Schon vor Jahren hat der HR das Infoprogramm HR1 reformiert. Alles wurde in seichte Magazine gepackt, Spezialsendungen verschwanden, wie die Politsendung „Der Tag“, oder – noch schlimmer – die Musiksendung „schwarz-weiß“ – aus dem Programm. Während der Tag nach heftigen Protesten einflussreicher politischer Gruppen immerhin noch nach HR2 verbannt wurde, schaffte man die interessante interkulturelle und vertiefende Musiksendung gleich ganz ab. Hörer sollen bei HR1 bleiben, hieß es, Ecken und Kanten müssen aus dem Programm verschwinden, es wären ohnehin zu wenig Hörer, die die Sendung hörten. Auch wenn Tausende ihren Protest äußerten, die Intendanz des öffentlich-rechtlichen Senders ließ sich nicht erweichen. Das kostete den HR in seinem ersten Hörfunkprogramm zunächst einmal viele Hörer. Nach einer Weile aber trat ein Gewöhnungseffekt ein, und einige kehrten zurück, und Studien zeigten, dass sie dem Sender auch abends, wo die unbequemen Sendungen gelaufen waren, die Treue hielten. Gewonnen, dachte sich wohl die Führungsspitze des Senders, und drum wiederholt man das Ganze jetzt in HR3, wo die Sendungen „Der Ball ist rund“ und „Rebell“ abgeschafft werden, beide nach mehr als 20 Jahren Radiogeschichte. Werner Reinke wird zu HR1 geschickt, dort darf er samstagsmorgens weitermoderieren. Wieder ist das Argument die Durchhörbarkeit und die – im Vergleich zum Restprogramm – wenigen Hörer. Mich lässt diese Ignoranz und Arroganz einfach nur wütend und traurig zurück. Ist der HR denn ein kommerzieller Sender? Finanziert er sich nicht aus Gebühren? Wenn sich ein Sender leisten kann, auch Minderheiten zu bedienen, ist es dann nicht der öffentlich-rechtliche Rundfunk? Ja, ist es nicht sogar sein Auftrag und seine Pflicht? Muss sich das Wort „Durchhörbarkeit“ nicht von selbst verbieten? Wo soll man denn sonst Infos aus Kultur, Wissenschaft und Politik her bekommen, wenn nicht aus den Redaktionen gut funktionierender öffentlich-rechtlicher Sender? Und wenn es weniger Hörer als bei den Privaten sind, wen stört das? Wenn man gutes Programm macht, kommen sie auch zurück, wenn sie das Gedudel satt haben. Aber die Herren in der Führungsspitze der ARD-Anstalten trauen sich selbst nicht mehr zu, gutes Radio zu machen, scheint mir.

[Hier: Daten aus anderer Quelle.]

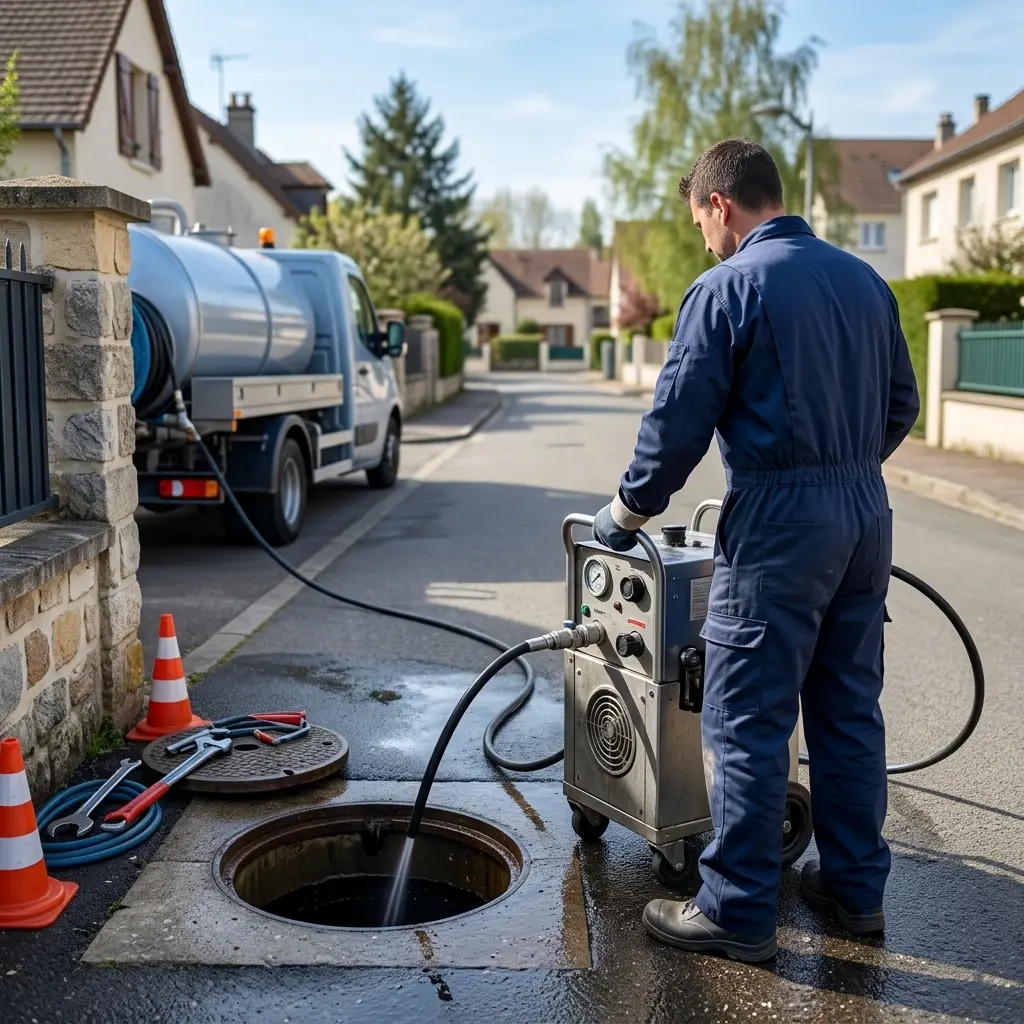 Une technique de nettoyage haute pression performante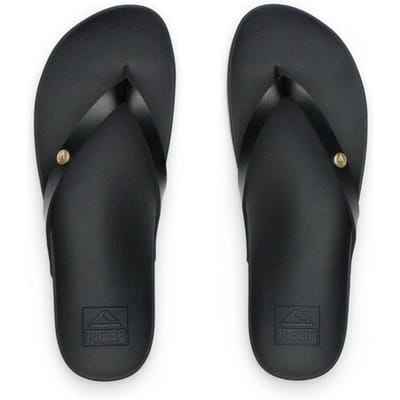 Reef Vista Ivy Black Black Teenslippers Zwart Synthetisch Dames - Zwart - 38.5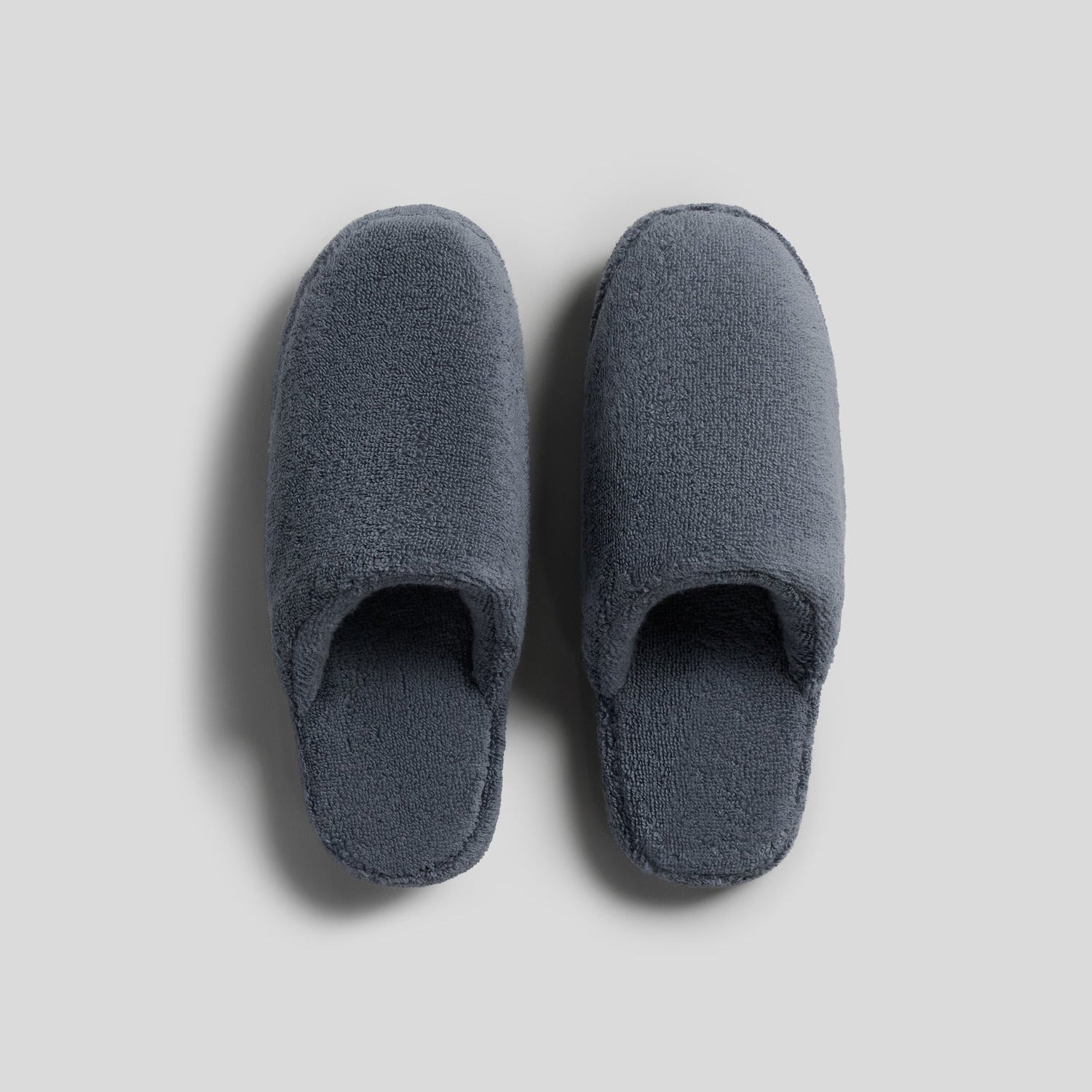 Classic Plush Slippers in Dusk by Parachute Home — view 1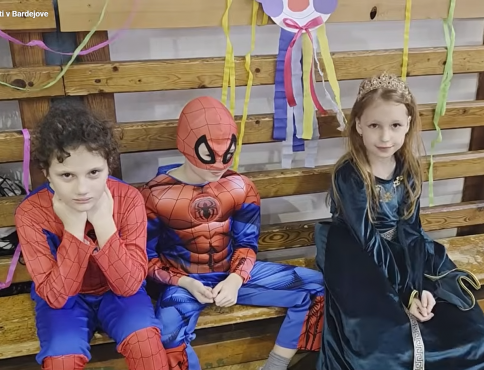 VIDEO | Fašiangový karneval plný radosti v Bardejove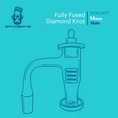Cargar la imagen en la vista de la galería, Space King Fully Fused Diamond Knot Banger Kit by Space King - view 7 | Buddy Brandz
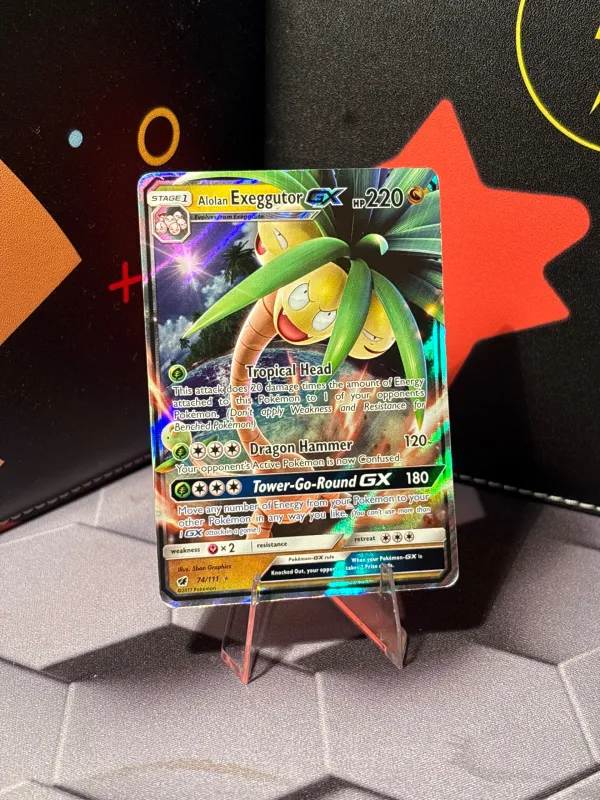 Alolan Exeggutor-GX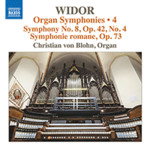 Widor: Organ Symphonies, Vol 4 - Symphony No 8, Op 42, No 4 Symphonie romane, Op 73 (Christian von Blohn) cover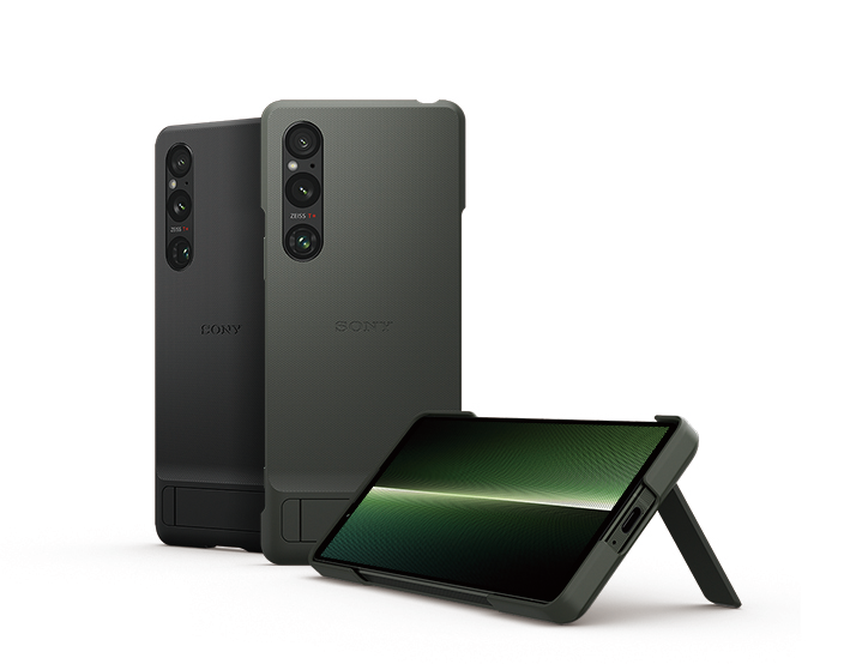 圖四、8 月凡至 Sony 行動通訊專賣店購買 Xperia 1 V ( 256G  512G版)，即贈送 Sony 原廠 30W 快速充電器 (XQZ-UC1)及專用可立式時尚保護殼 (XQZ-CBDQ) ，體驗手機攝影新視界！.png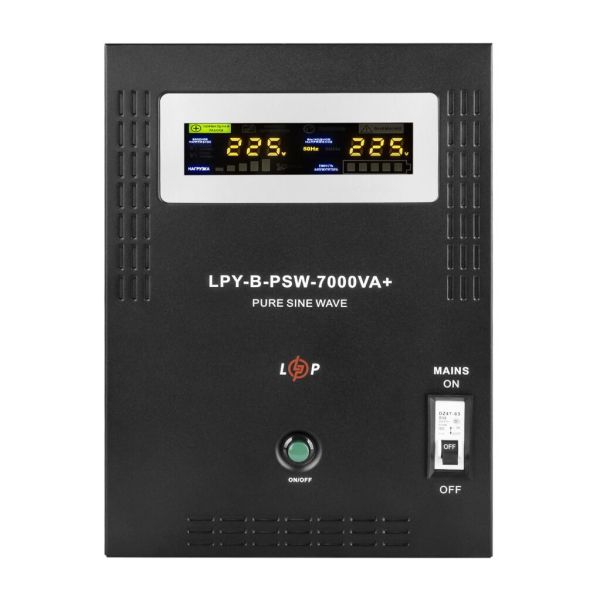 ИБП LP LogicPower LPY-B-PSW-7000VA+ 5000Вт 10A-20A с правильной синусоидой 48V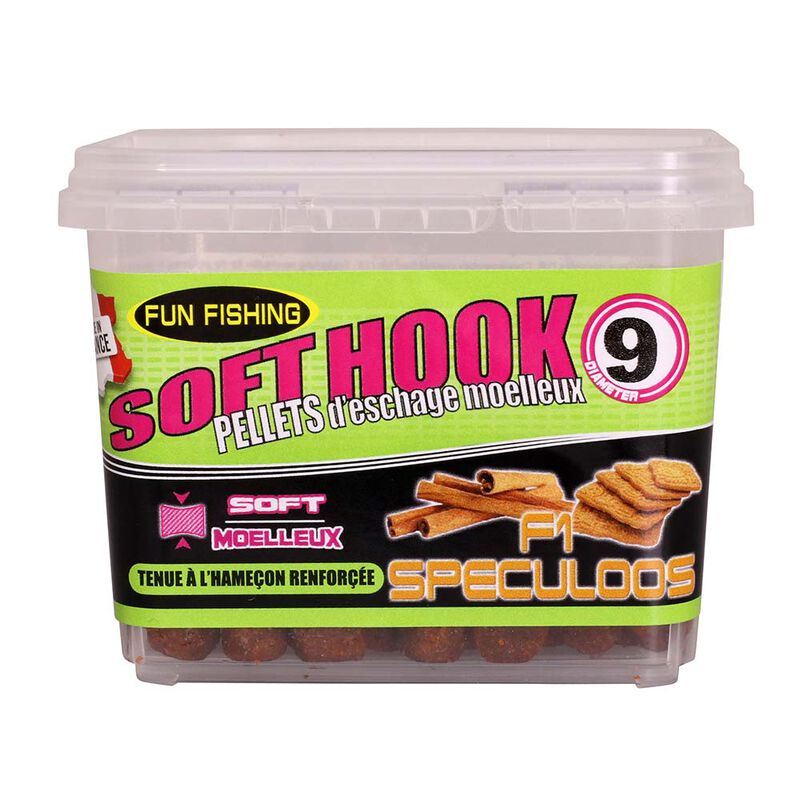 Pellets d'eschage moelleux Carpodrome FUN FISHING - Pellets | Pacific Pêche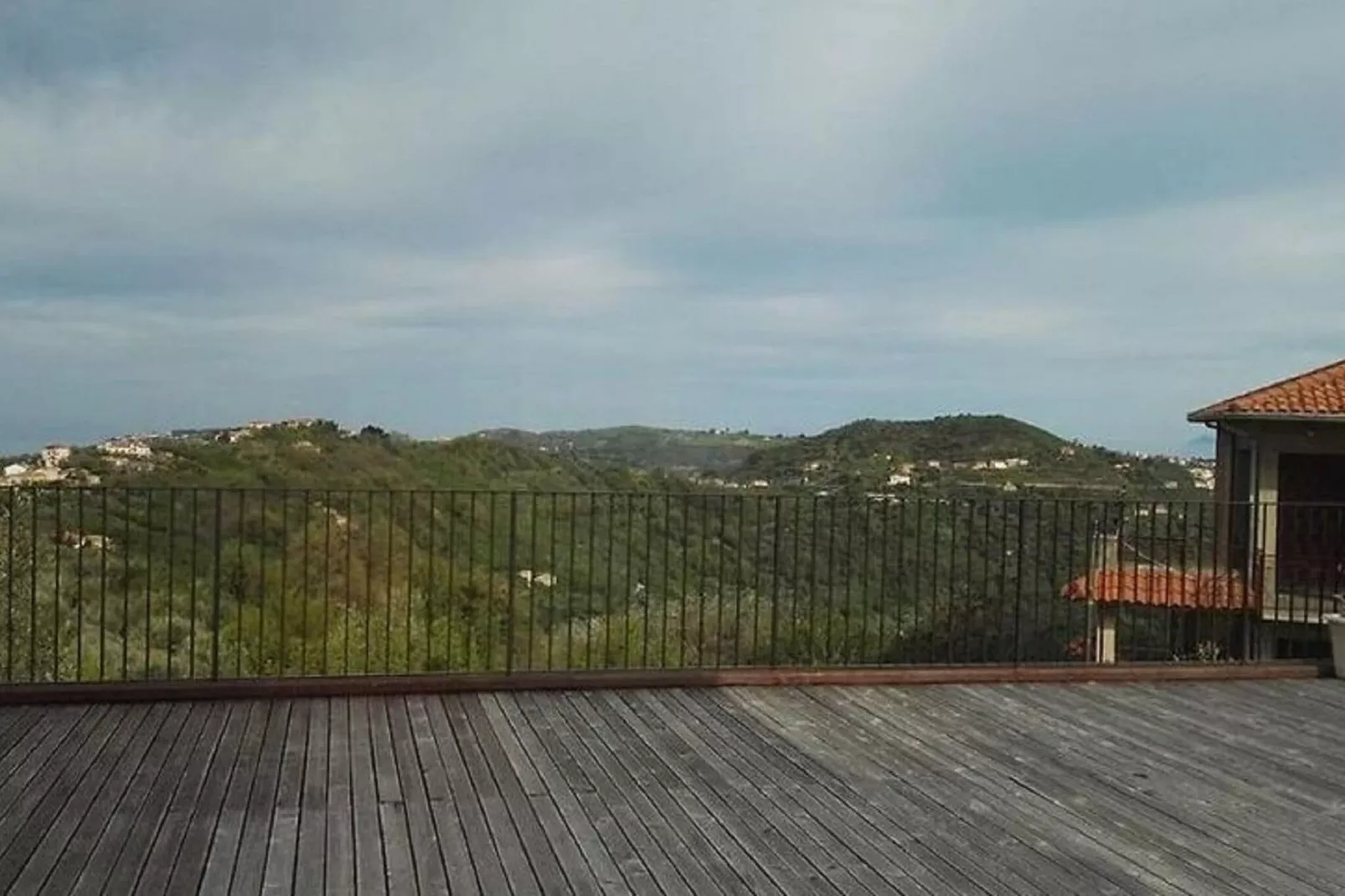 Hotel Alimunera - Terrasbalkon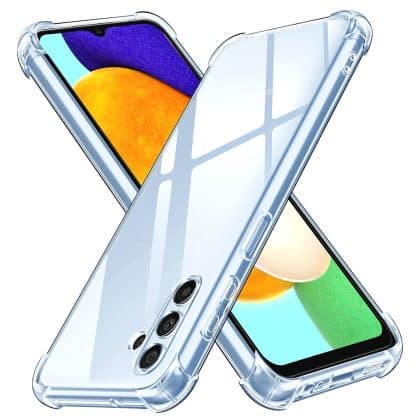 Techsuit Shockproof Clear Silicone - θήκη για Samsung Galaxy A13 5G - Διάφανο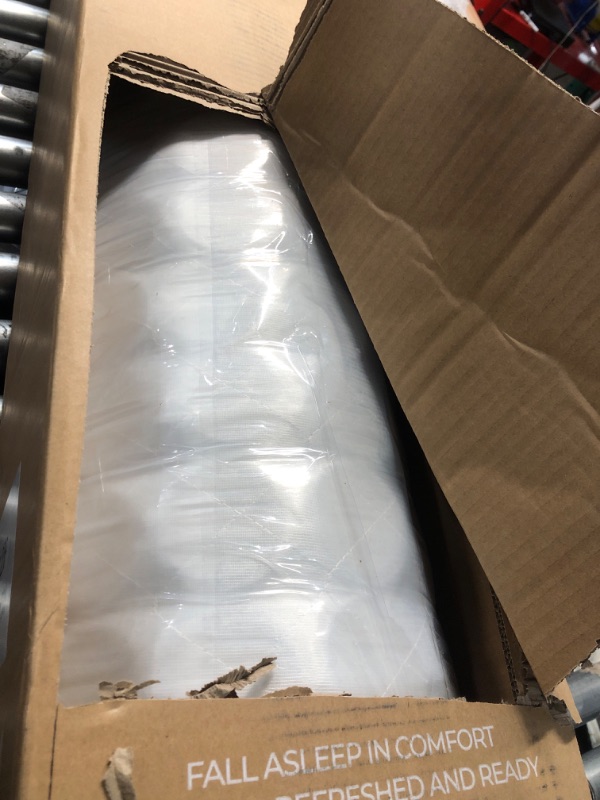 Photo 1 of ***OPENED FOR INSPECTION****Full Mattress, 12 Inch Full Size Hybrid Mattress in a Box, Medium Firm Memory Foam mattress, with Individual Pocket Springs, Upgrade Zoned Support, Motion Isolation&Pressure Relief, CertiPUR-US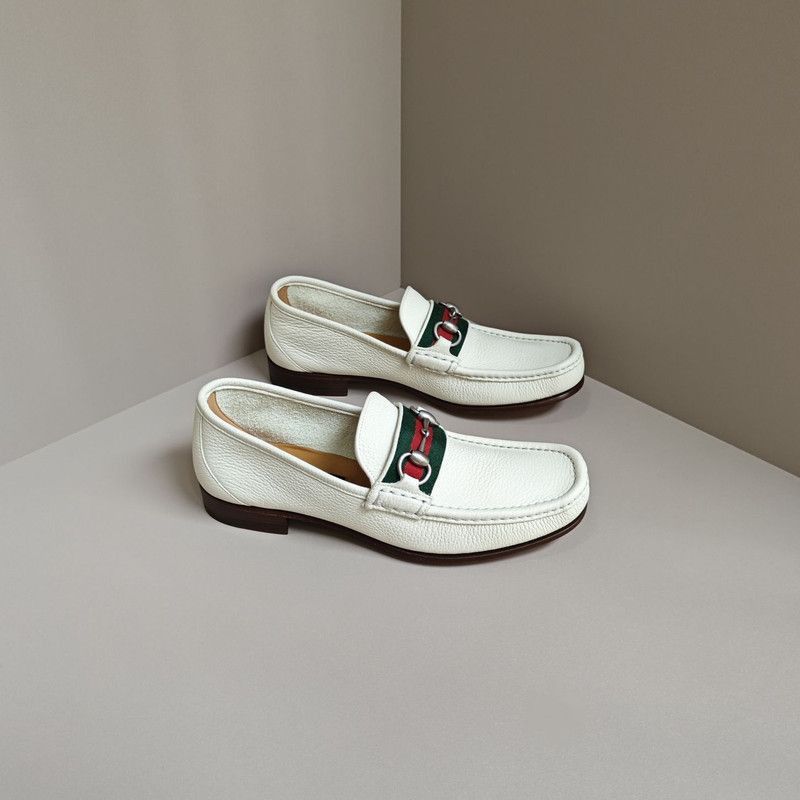 Gucci Gucci Horsebit Leather Loafers for Men - Size US 9.5 / EU 42-43 - 7 Thumbnail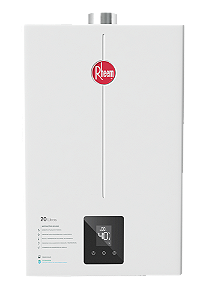 Aquecedor de Passagem Digital Rheem GN -  20 Litros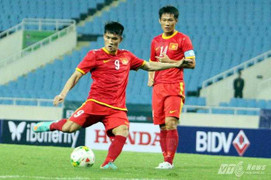 Tuyển Việt Nam thua sốc Palestine
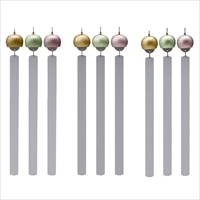 小泉屋 風鈴 涼風 ギフト〔Φ40×H300mm〕ふうりん 短冊 ベル【北海道・沖縄県・離島 配送不可】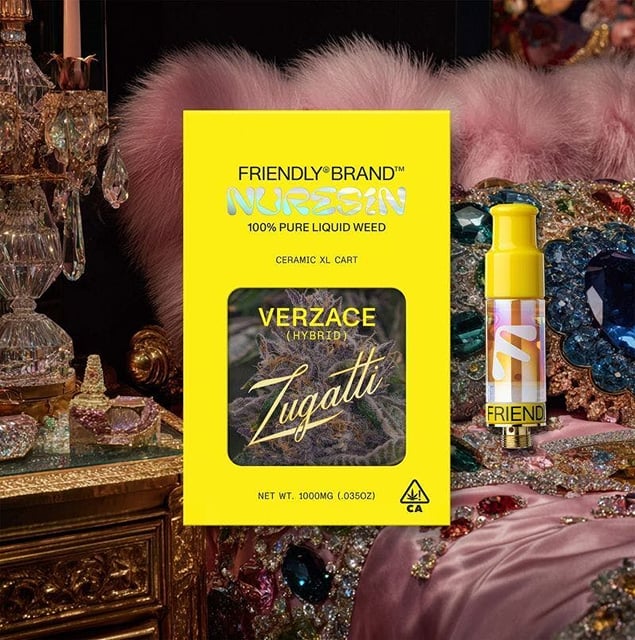 VerZace |1g Cured Resin Cartridge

Ich habe in den letzten Tagen viel darüber nachgedacht. Eigentlich, so bin ich mir heute sicher, hätte man den kommerziellen Privatrundfunk gar nicht erst erlauben sollen. Das ist keine Meinung, die ich schon immer vertreten habe. Als ich klein war, habe ich gern RTL gehört, und Radio Veronica, der niederländische Pirat, war auch nichts anderes als ein kommerzieller Sender. Aber wie vieles damals, so war auch der Rundfunk mit mehr Idealismus versehen als heute. Neben dem erklärten Bestreben, Geld zu verdienen, wollte man bei Veronica – und vermutlich auch bei RTL – mit diesem Geld auch etwas anfangen, nämlich gute Programme für die Hörer anleihern, die durch ihre Treue die Werbekunden angelockt und den Sender für sie attraktiv gemacht haben. Für viele war Veronica eine Art Großfamilie, eine frühe Form der Community, wo man auch die Macher kannte, wo man sich einbringen konnte, wo viele Programme gemacht wurden, die für die Hörer gemacht wurden, mit viel Einsatz und Liebe. Heute geht es nur noch darum, Geld zu verdienen, um es den Shareholdern auszahlen zu können. Wer sich in ein solches Privatradioprojekt einbringt, der tut das nicht, um ein gutes Projekt zu starten und etwas zu investieren, sondern der tut es, um mehr rauszubekommen, als er eingezahlt hat. Diese veränderte Einstellung ist es, die mich dazu bringt, kommerziellen Privatrundfunk grundsätzlich heutzutage abzulehnen.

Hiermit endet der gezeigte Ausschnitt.